Copy the lines running from the one that contains "Maison 5 pièces de 134 m² à Luxé (16230)" to the end of the entries below, exactly and with no pictures.

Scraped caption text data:
-=-=-

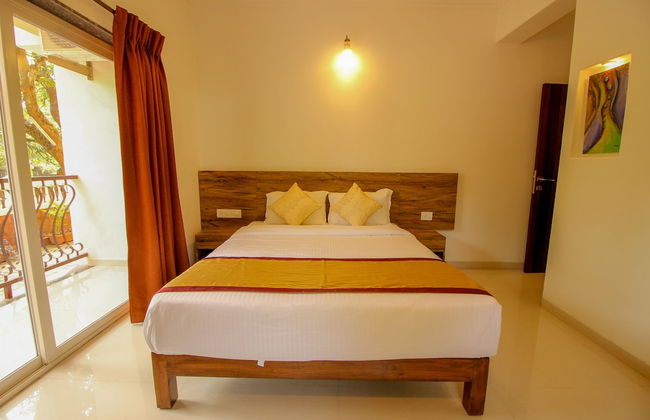 OYO 9792 Home 2BHK Poolside Siolim - Foto 12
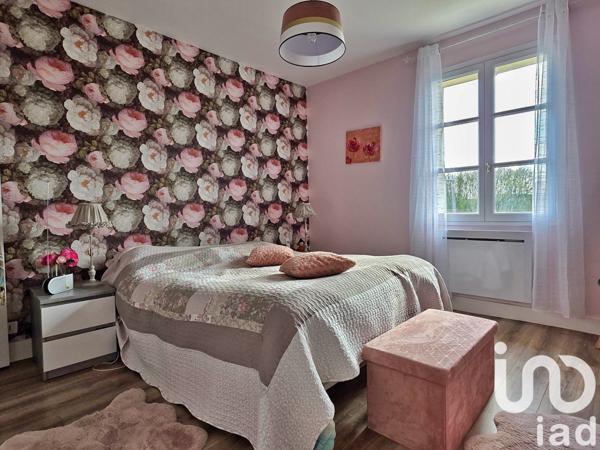 Maison 5 pièces de 134 m² à Luxé (16230)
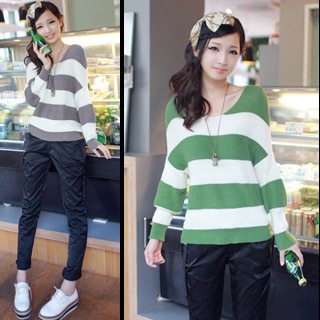 Double r atthere 3402 real pictures with model stripe batwing sleeve pullover knitted 330g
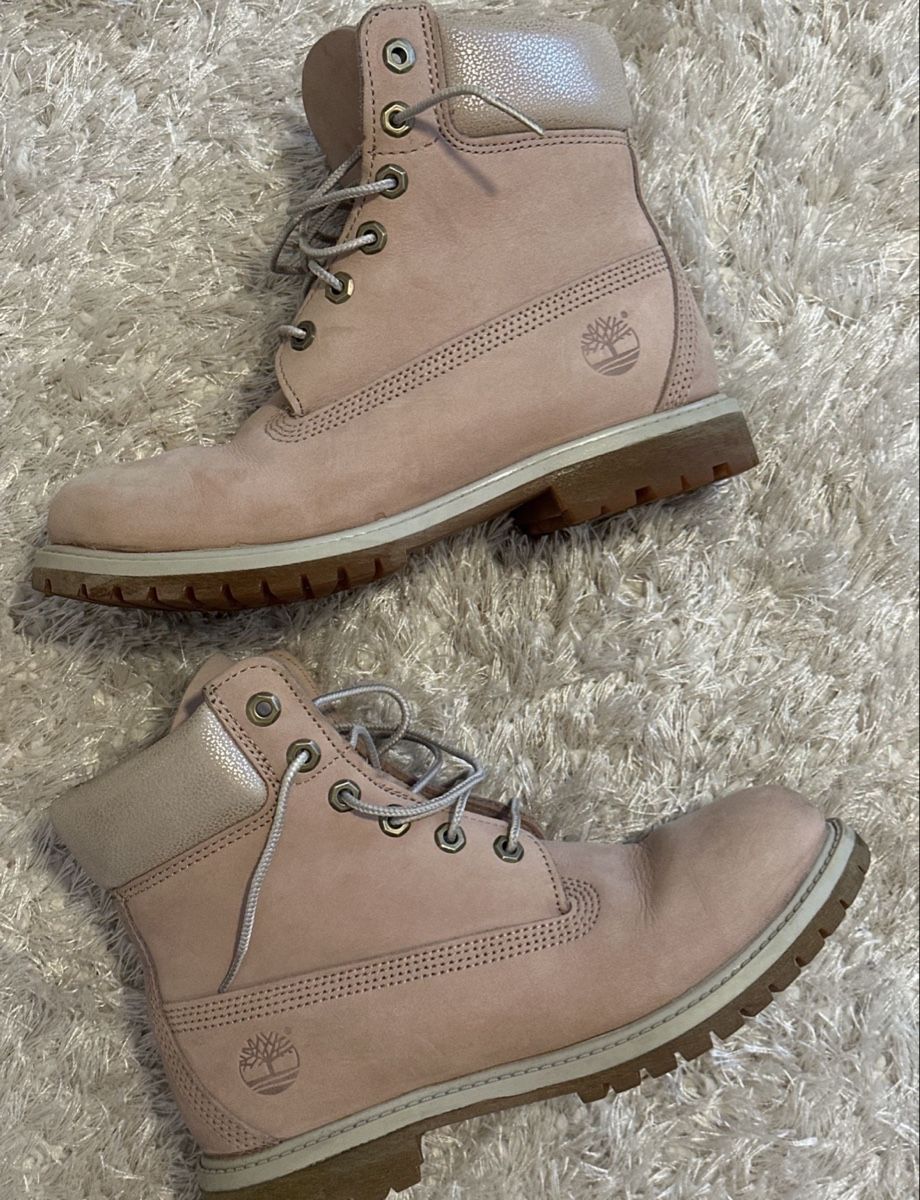 Timberland Scarpe da donna: Rosa Timberland Stiefel EU 38.5 – Usato da Uitikon Waldegg venduto da Amour_Zurich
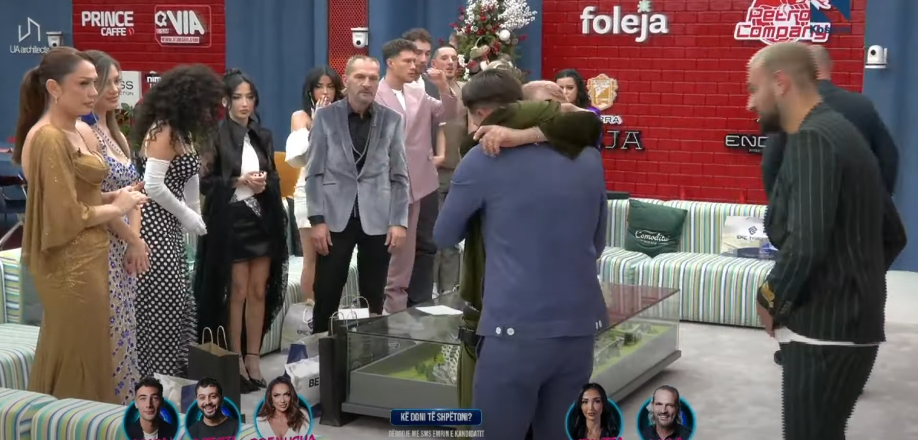 Momente prekëse, të gjithë banorët përqafojnë Leon, pas komunikimit me djalin e axhës Robertin (VIDEO)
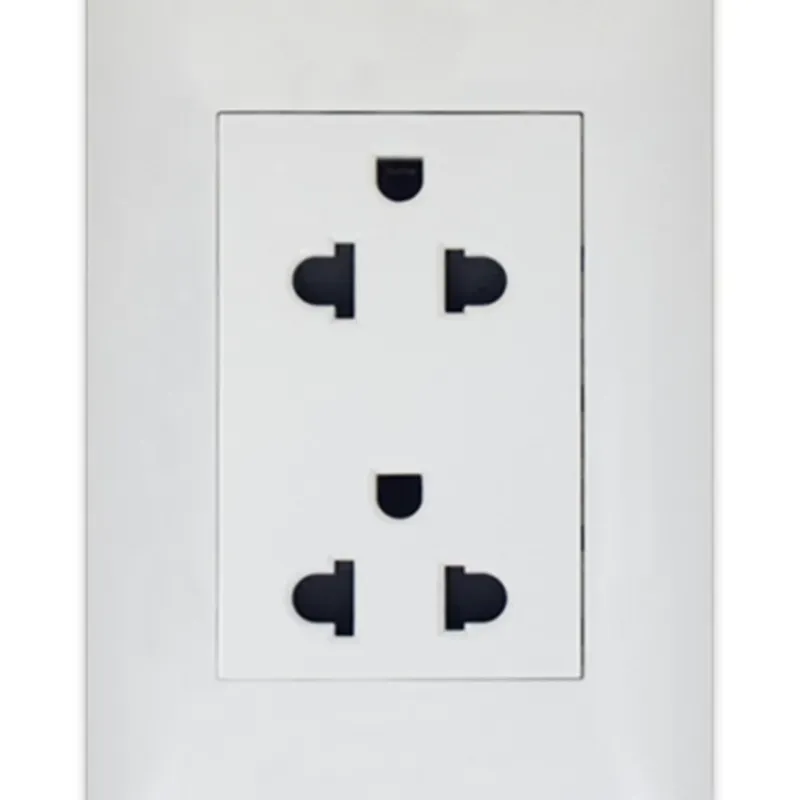 Tomacorriente universal 15V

-=-=-

▸ **Task solution**:
 Maison 5 pièces de 134 m² à Luxé (16230)
 Double r atthere 3402 real pictures with model stripe batwing sleeve pullover knitted 330g
 Timberland Scarpe da donna: Rosa Timberland Stiefel EU 38.5 – Usato da Uitikon Waldegg venduto da Amour_Zurich
 Momente prekëse, të gjithë banorët përqafojnë Leon, pas komunikimit me djalin e axhës Robertin (VIDEO)
 Tomacorriente universal 15V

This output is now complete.